You've probably heard by now the Patriots offensive success with quarterback Bailey Zappe under center is a tale of two halves.
Although five starts isn't a huge sample size, the second-year quarterback's splits by half are staggering. Zappe has proven he's a fast starter who can execute the game-planned script out of the gate. However, the Pats current QB1 and the offense become much less effective as the game wears on.
|Bailey Zappe, Last Two Seasons (as starter)
In his three starts this season, Zappe is completing 69.2% of his passes while generating +0.14 expected points added per play in the first half. But those numbers plummet to a 59.4% completion rate with -0.96 expected points added per play in the last two quarters: why does the Fever break in the second half? This week, Zappe spoke about playing a complete game.
"I think it's important for me to put a full game together," Zappe told reporters on Wednesday. "First halves have been great. Second halves haven't been so good. So, I think if I'm able to go out there and execute and run the offense the way it's supposed to be run for two halves, I think we'll score a lot more points."
"I think a little bit of it is just continuing to go through the system. Do what the coaches are teaching you to do and what they're coaching us to do throughout the whole week," Zappe added. "Just going through your reads and taking the first up on a guy and not trying to make a play. Just not forcing anything, just playing within the system."
To better understand why the Zappe-led offense sputters after productive first halves, let's take a look at how defenses are scheming against him and how the Chiefs adjusted to flip the script on Zappe after a great first half (17-of-19 for 141 yards and a touchdown).

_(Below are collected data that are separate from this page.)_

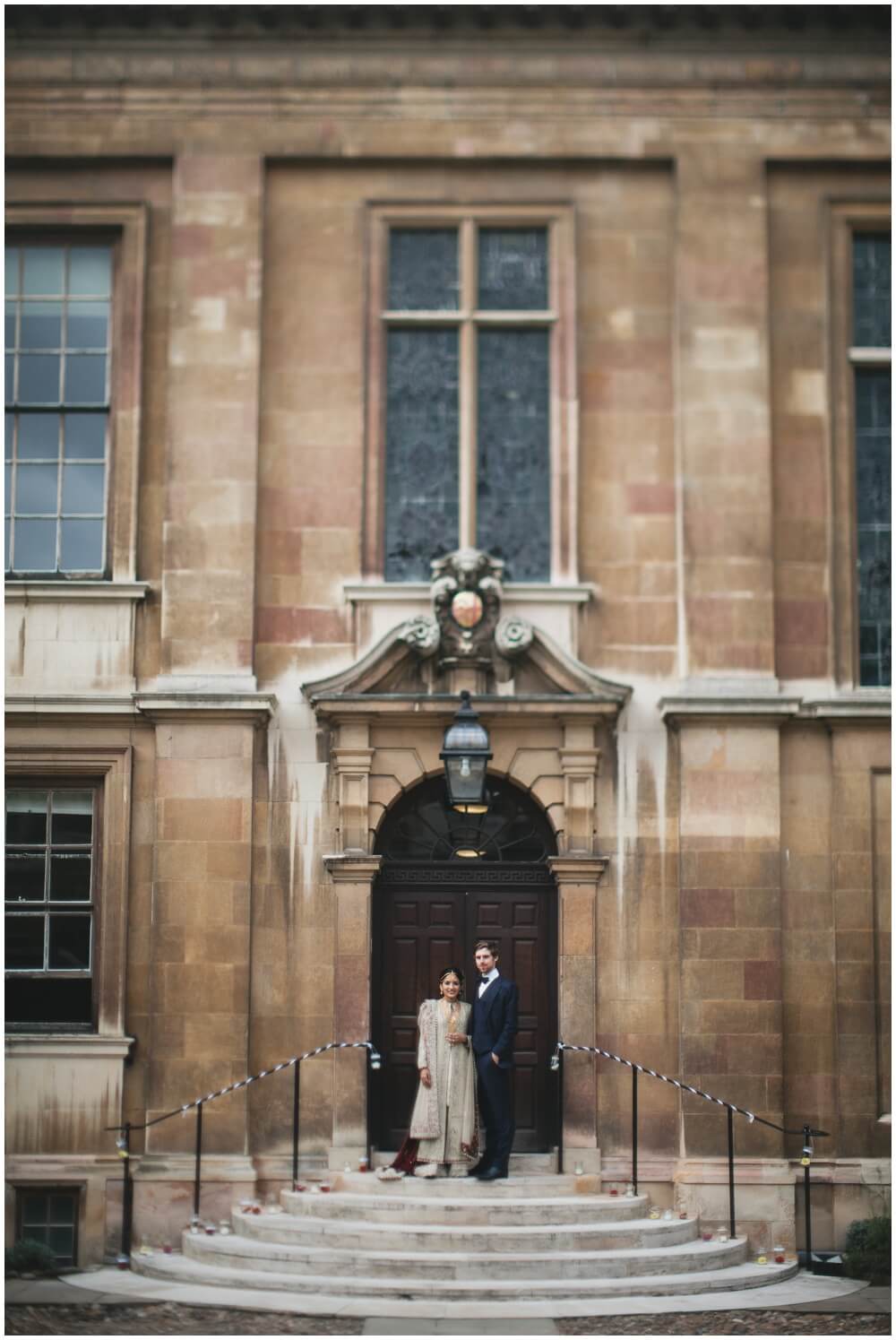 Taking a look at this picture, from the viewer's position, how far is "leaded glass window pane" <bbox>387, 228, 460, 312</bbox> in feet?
58.7

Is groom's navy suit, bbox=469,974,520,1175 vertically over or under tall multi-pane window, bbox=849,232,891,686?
under

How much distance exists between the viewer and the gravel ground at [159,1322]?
1282cm

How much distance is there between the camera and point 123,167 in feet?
59.0

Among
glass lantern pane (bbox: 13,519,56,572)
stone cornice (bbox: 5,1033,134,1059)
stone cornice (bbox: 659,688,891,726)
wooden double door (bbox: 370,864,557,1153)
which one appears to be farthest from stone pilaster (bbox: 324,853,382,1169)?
glass lantern pane (bbox: 13,519,56,572)

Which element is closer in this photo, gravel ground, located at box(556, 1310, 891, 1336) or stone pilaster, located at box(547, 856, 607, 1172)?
gravel ground, located at box(556, 1310, 891, 1336)

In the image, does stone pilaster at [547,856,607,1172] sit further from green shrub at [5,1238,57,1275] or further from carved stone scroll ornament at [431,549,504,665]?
green shrub at [5,1238,57,1275]

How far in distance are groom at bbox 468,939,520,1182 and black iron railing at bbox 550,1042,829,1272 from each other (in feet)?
2.70

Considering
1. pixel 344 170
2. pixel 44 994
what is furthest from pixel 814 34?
pixel 44 994

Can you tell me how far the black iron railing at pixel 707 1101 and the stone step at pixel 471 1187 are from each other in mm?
422

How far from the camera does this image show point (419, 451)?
17.8m

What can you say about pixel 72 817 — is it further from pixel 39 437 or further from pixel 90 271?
pixel 90 271

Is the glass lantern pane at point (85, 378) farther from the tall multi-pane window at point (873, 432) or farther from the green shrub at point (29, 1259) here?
the green shrub at point (29, 1259)

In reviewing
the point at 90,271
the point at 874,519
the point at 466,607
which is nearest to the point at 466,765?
the point at 466,607

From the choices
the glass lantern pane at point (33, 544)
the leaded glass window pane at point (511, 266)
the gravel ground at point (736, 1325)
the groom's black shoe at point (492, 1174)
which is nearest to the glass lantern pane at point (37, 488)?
the glass lantern pane at point (33, 544)
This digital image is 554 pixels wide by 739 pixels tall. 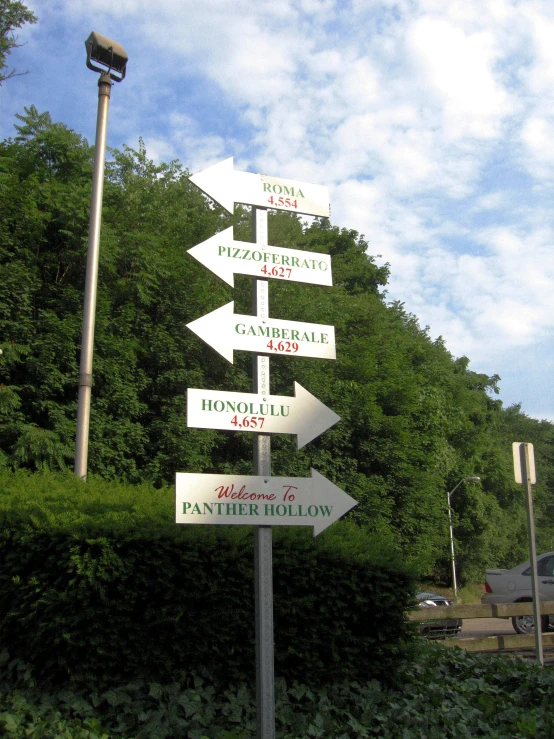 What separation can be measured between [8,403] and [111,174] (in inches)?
Result: 385

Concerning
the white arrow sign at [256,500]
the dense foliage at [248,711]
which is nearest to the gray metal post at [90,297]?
the dense foliage at [248,711]

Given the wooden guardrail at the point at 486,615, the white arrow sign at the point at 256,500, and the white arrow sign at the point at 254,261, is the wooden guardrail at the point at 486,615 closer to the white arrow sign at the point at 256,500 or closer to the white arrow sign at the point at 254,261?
the white arrow sign at the point at 256,500

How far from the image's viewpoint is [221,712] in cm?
489

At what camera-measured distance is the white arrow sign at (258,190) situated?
4883 millimetres

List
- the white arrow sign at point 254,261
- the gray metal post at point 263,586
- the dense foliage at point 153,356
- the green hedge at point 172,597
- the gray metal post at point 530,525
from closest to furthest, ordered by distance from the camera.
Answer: the gray metal post at point 263,586 → the white arrow sign at point 254,261 → the green hedge at point 172,597 → the gray metal post at point 530,525 → the dense foliage at point 153,356

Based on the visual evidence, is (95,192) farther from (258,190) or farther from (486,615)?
(486,615)

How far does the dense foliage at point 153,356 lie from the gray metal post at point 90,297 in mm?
2835

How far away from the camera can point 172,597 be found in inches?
201

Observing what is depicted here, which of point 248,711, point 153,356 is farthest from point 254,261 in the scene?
point 153,356

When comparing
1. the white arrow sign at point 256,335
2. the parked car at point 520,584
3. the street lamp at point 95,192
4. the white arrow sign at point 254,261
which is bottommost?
the parked car at point 520,584

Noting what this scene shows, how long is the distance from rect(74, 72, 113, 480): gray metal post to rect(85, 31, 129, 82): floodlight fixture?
0.50 feet

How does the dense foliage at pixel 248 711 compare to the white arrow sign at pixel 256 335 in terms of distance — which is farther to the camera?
the white arrow sign at pixel 256 335

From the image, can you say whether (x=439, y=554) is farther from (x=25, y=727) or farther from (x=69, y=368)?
(x=25, y=727)

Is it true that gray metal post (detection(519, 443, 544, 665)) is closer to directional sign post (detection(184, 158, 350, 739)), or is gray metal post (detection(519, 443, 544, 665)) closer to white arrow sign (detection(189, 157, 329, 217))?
directional sign post (detection(184, 158, 350, 739)) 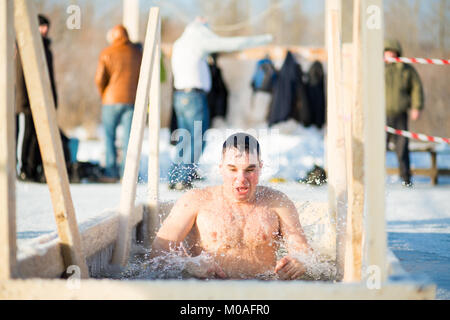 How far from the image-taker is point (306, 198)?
4590mm

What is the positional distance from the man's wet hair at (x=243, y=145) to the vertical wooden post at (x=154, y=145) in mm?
949

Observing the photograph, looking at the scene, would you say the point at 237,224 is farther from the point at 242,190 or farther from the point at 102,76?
the point at 102,76

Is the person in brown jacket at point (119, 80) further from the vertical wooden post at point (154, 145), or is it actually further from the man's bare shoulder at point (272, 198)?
the man's bare shoulder at point (272, 198)

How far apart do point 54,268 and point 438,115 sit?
14.3 meters

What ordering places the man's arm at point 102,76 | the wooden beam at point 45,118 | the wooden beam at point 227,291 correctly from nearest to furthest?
the wooden beam at point 227,291 < the wooden beam at point 45,118 < the man's arm at point 102,76

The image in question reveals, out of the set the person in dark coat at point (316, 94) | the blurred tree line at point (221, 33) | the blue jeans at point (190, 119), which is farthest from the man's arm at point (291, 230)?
the blurred tree line at point (221, 33)

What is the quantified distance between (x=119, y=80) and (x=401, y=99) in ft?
11.4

Kansas City followed a similar script as past opponents against the Patriots gap-heavy run game. With the Chiefs anticipating duo blocking, defensive coordinator Steve Spagnuolo dialed up a run blitz on the very first play from scrimmage. As they emphasize stopping the run, defenses are attacking the line of scrimmage to prevent New England from executing their double-team blocks.
Here, the Chiefs prevent the Patriots from double-teaming on the interior as intended on duo by shifting a linebacker into the A-Gap. The linebacker being in line causes center David Andrews to come off his double-team, forcing LG Cole Strange to block one-on-one. The Chiefs also know LT Conor McDermott will block big-on-big on the backside, so the weak safety rotates down to blitz off the edge. Without the interior double-teams, the Pats fail to move the line of scrimmage, and the backside crumbles for a negative play.
New England's initial counter to Kansas City's run blitzes was to attack their single-high coverages with play-action. In this play, KC tries to send the weak safety off the backside again, so the Pats counter with Ezekiel Elliott picking up the safety with deep hitches off the run action against man coverage, and Zappe finds DeVante Parker. The Pats also used run-pass options (RPOs) to give Zappe an alternative to running the ball if the Chiefs stacked the box.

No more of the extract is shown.